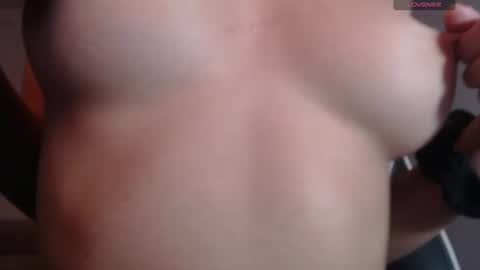 Snapshot of tyna_ch chatting on July 2026 12:57:01 AM TYNA online show from July 2026 12:57:01 AM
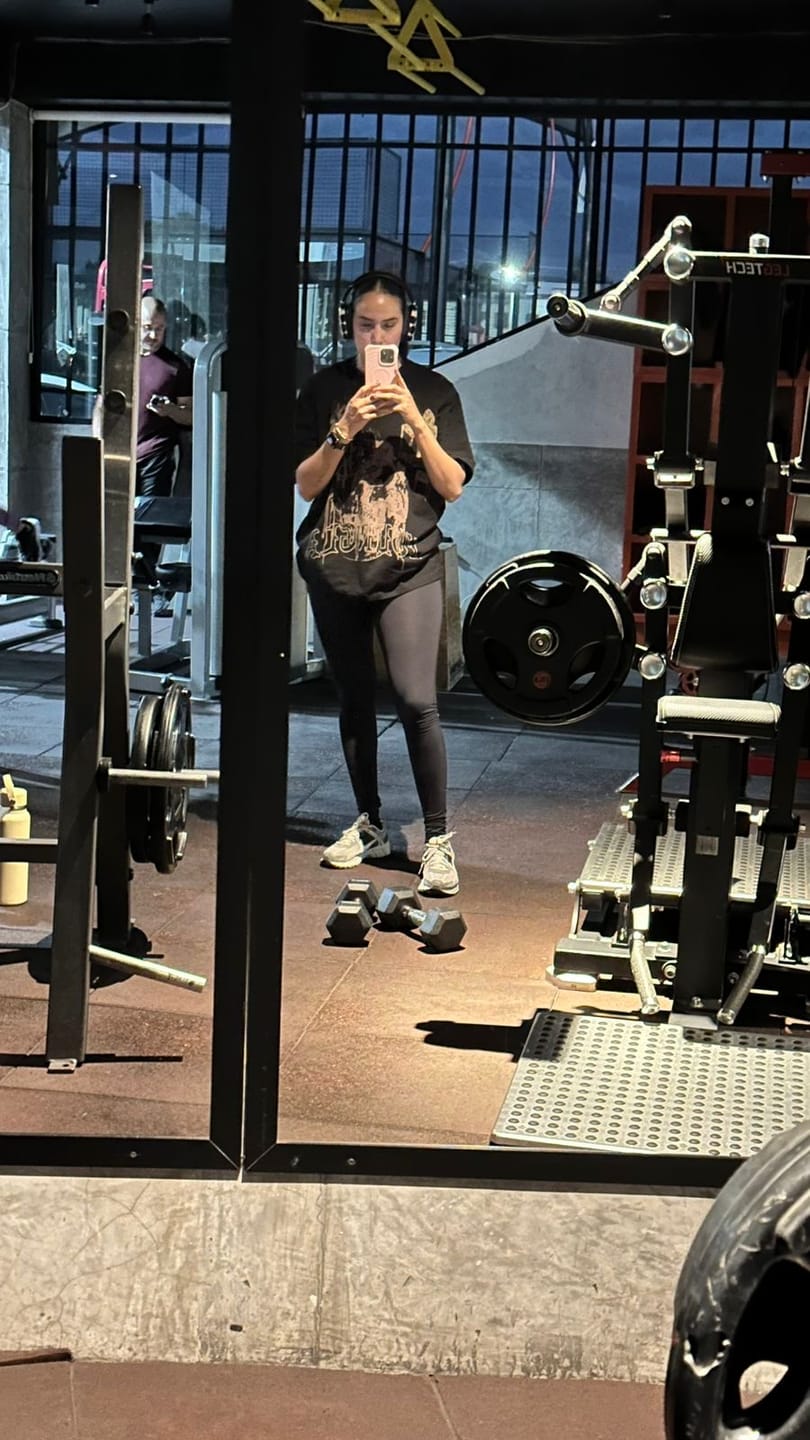 Customer photo review of W427 Phantom Oversized Tees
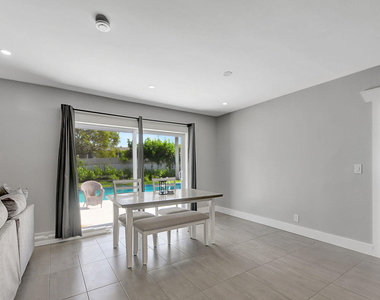 1343 W Ocean Avenue - Photo Thumbnail 11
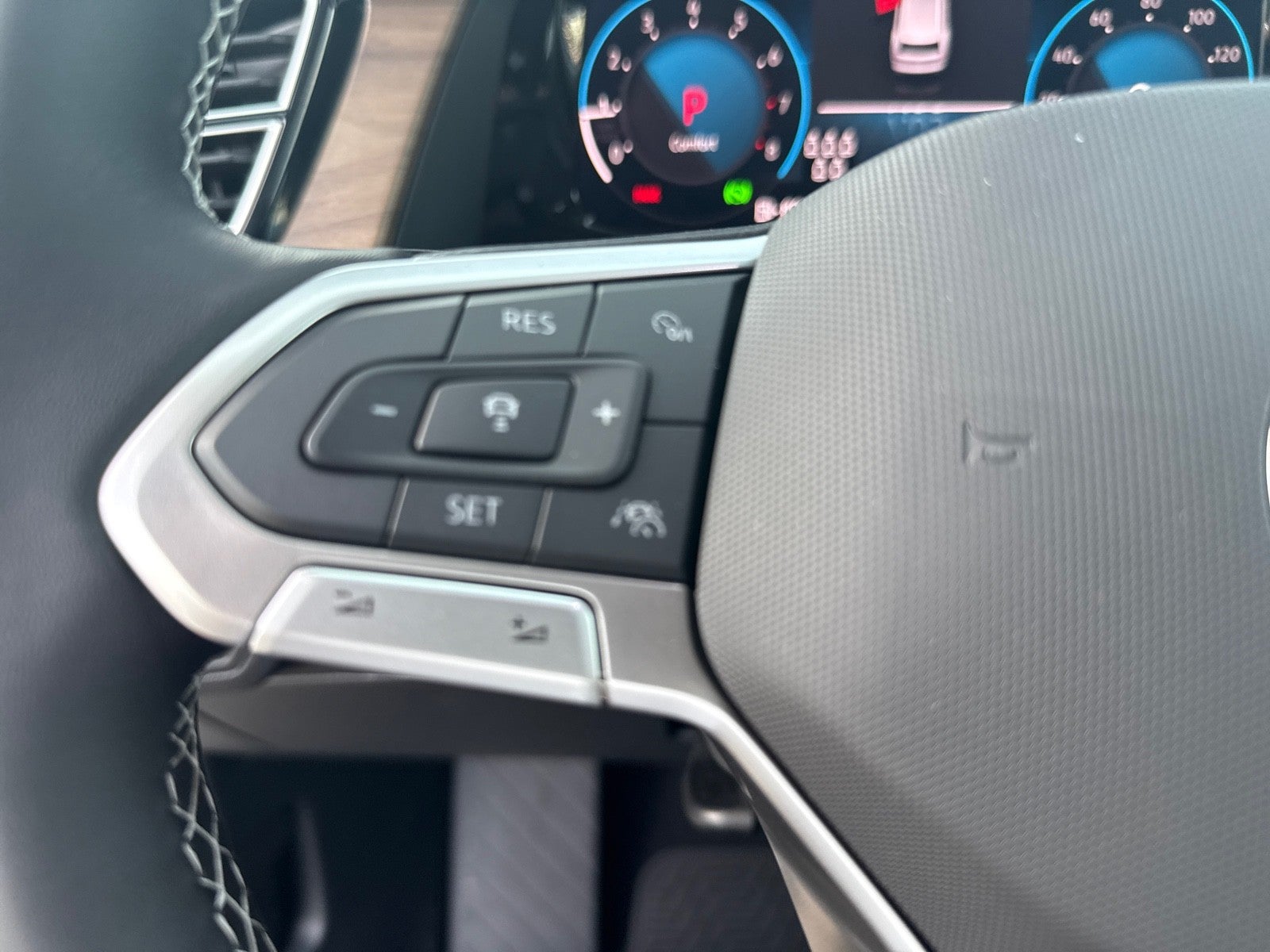 2026 Volkswagen Atlas 2.0T SE w/Technology FWD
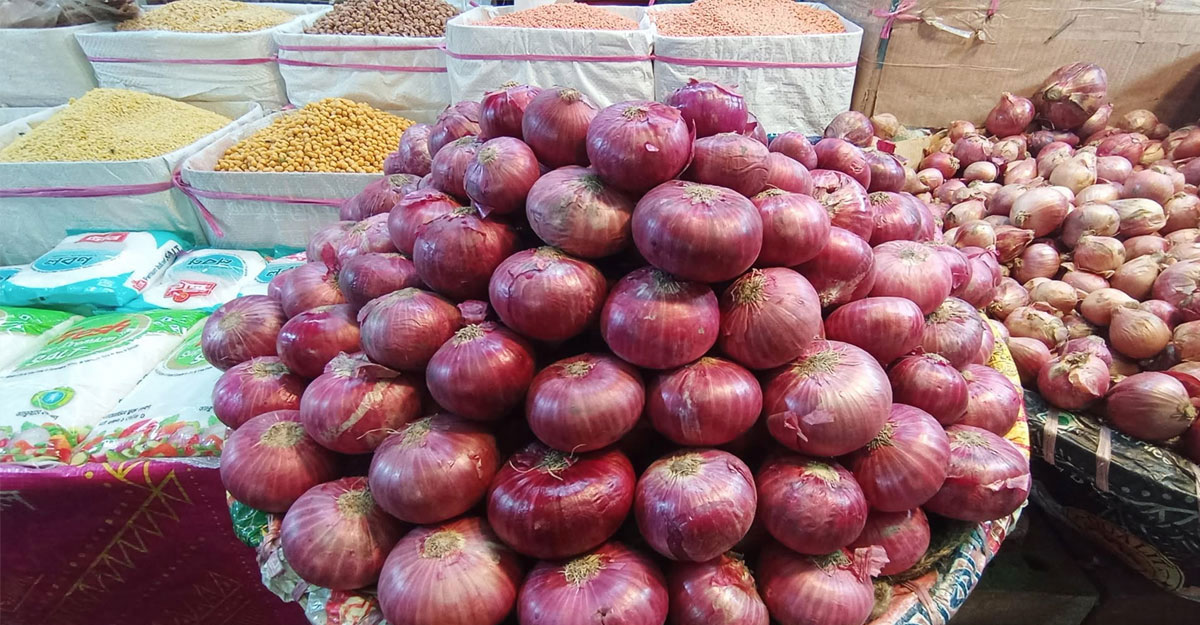 চলতি সপ্তাহে পেঁয়াজের দাম না কমলে আমদানি: বাণিজ্য উপদেষ্টা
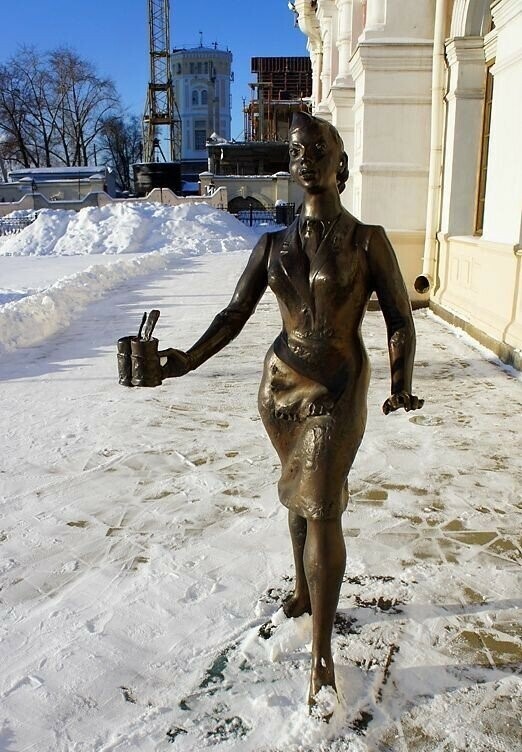 Моя экскурсия по городу Екатеринбургу Свердловской обл. Памятник "Капсула времени". Памятник-копилка бездомной собаке. Памятник банковской карте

::::

**What the task asks**: Stop at the line containing "2026 Volkswagen Atlas" and include it. Everything from the first line of the material up to there is to be repeated exactly, leaving out pictures.

**Exercise output**:
 Snapshot of tyna_ch chatting on July 2026 12:57:01 AM TYNA online show from July 2026 12:57:01 AM
 Customer photo review of W427 Phantom Oversized Tees
 1343 W Ocean Avenue - Photo Thumbnail 11
 2026 Volkswagen Atlas 2.0T SE w/Technology FWD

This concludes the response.